What to do: A word-for-word copy of the entries is needed, and it should contain no images.

-- Provided information follows --

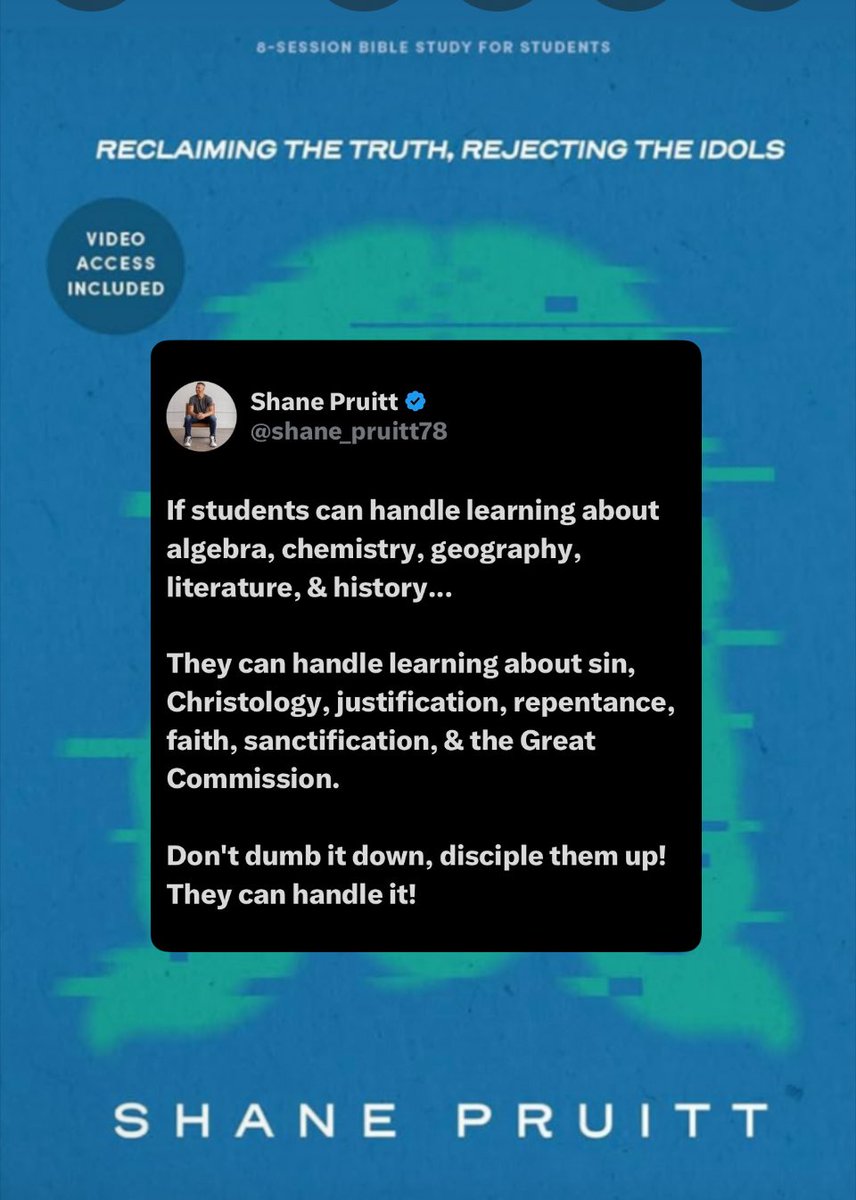 shane_pruitt78's tweet image. Not My Jesus Bible Study (student version) launches August 1st.

Pre-order now at Lifeway or Amazon.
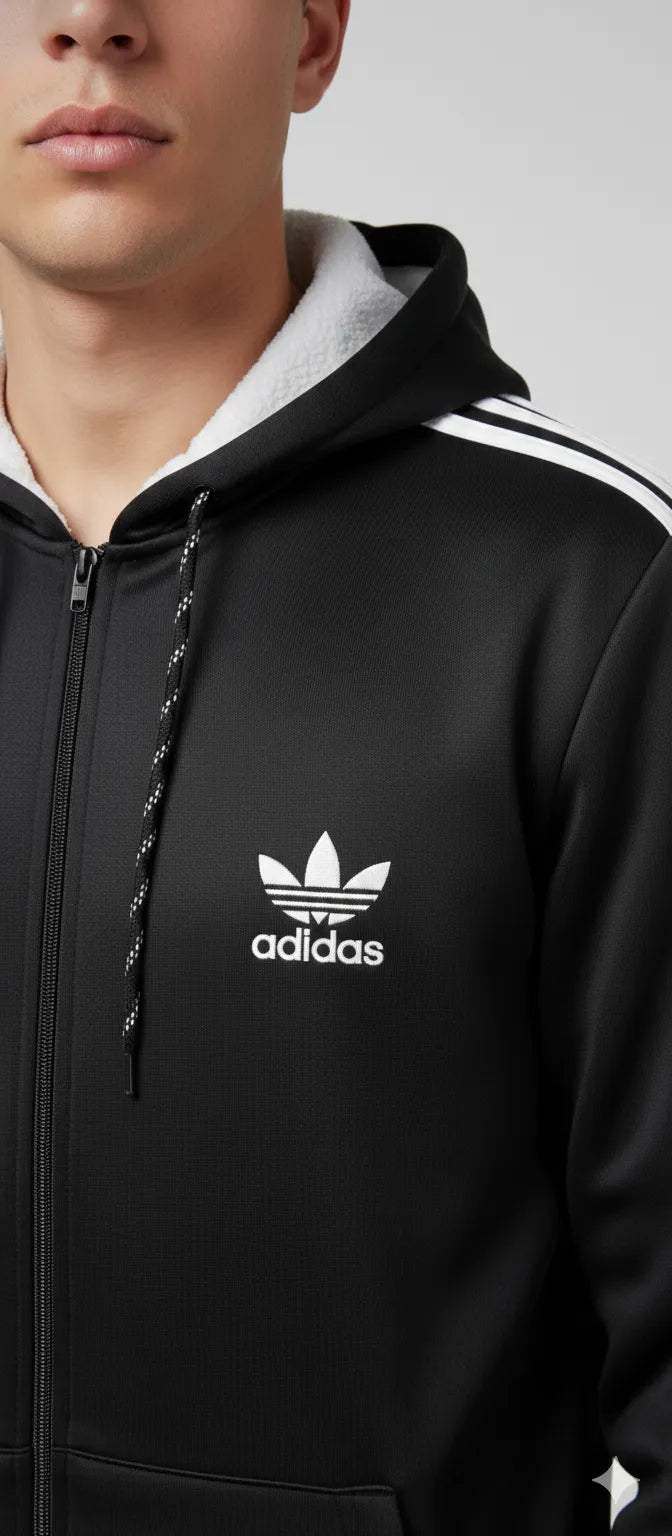 Adi Stripes zipper Tracksuit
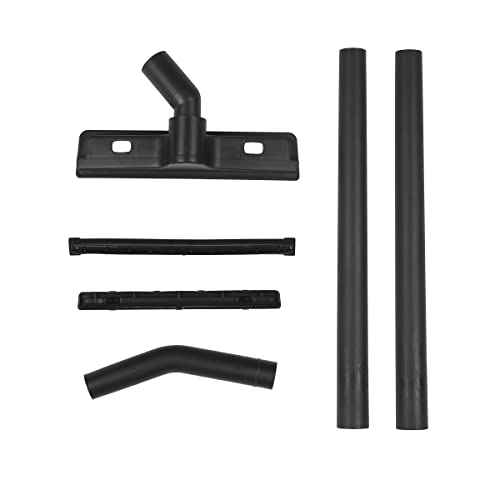 Image of Shop-Vac 9190300 1.5 Inch Diameter Accessory Kit, 2 Extension Wands, Elbow Grip, 12 Inch Floor Nozzle With Brush /Squeegee Inserts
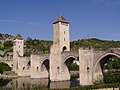 Pont Valentré (1308–ca.1355) in Cahors, Lot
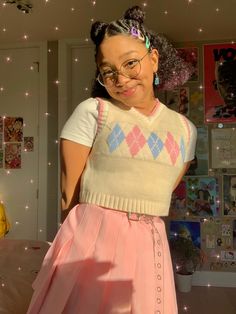 Soft Girl Black Women Outfits, Soft Girl Outfits Black Women, Axaila On Instagram, Plus Size Cutecore Outfit, Kawaii 4c Hairstyles, Kawaii Black Women, Homemade Bubble Tea, Black Kawaii Girl, Pink Harajuku Aesthetic Cute Outfits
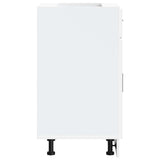 NNEVL Kitchen Base Cabinet Porto White Engineered Wood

-- Provided information concluded --

Written solution:
 shane_pruitt78's tweet image. Not My Jesus Bible Study (student version) launches August 1st.

Pre-order now at Lifeway or Amazon.
 Adi Stripes zipper Tracksuit
 Image of Shop-Vac 9190300 1.5 Inch Diameter Accessory Kit, 2 Extension Wands, Elbow Grip, 12 Inch Floor Nozzle With Brush /Squeegee Inserts
 Pont Valentré (1308–ca.1355) in Cahors, Lot
 Soft Girl Black Women Outfits, Soft Girl Outfits Black Women, Axaila On Instagram, Plus Size Cutecore Outfit, Kawaii 4c Hairstyles, Kawaii Black Women, Homemade Bubble Tea, Black Kawaii Girl, Pink Harajuku Aesthetic Cute Outfits
 NNEVL Kitchen Base Cabinet Porto White Engineered Wood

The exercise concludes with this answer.